Start of Given data

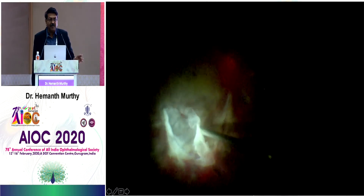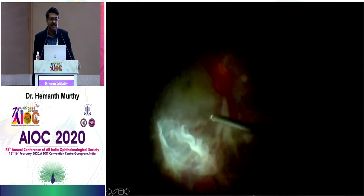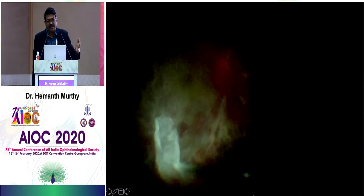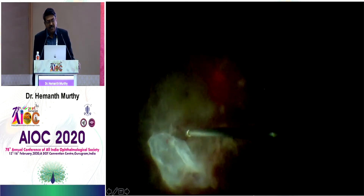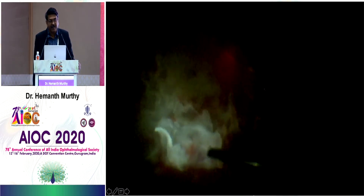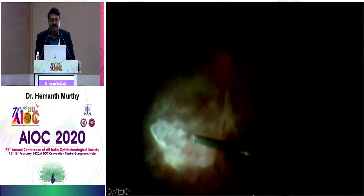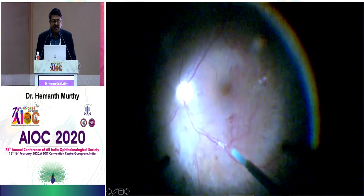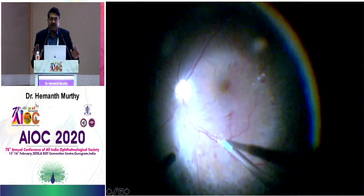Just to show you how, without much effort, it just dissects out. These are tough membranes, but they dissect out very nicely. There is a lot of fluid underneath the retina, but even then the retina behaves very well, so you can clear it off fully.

End of Given data
Start of Given data

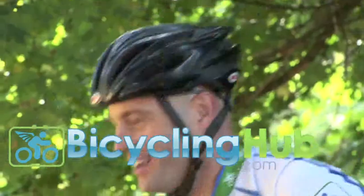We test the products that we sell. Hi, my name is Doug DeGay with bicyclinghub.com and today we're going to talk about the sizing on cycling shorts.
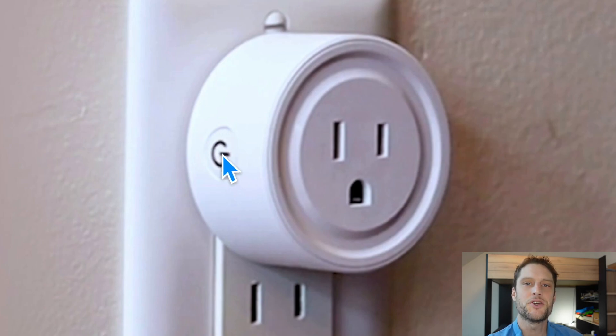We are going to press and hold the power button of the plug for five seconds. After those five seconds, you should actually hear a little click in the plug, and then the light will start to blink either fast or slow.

End of Given data

## The problem
Taking the entries above, copy word for word the lines from the one with "We test the" up to and including the one with "We are going", without any picture.

## Task result
We test the products that we sell. Hi, my name is Doug DeGay with bicyclinghub.com and today we're going to talk about the sizing on cycling shorts.
We are going to press and hold the power button of the plug for five seconds. After those five seconds, you should actually hear a little click in the plug, and then the light will start to blink either fast or slow.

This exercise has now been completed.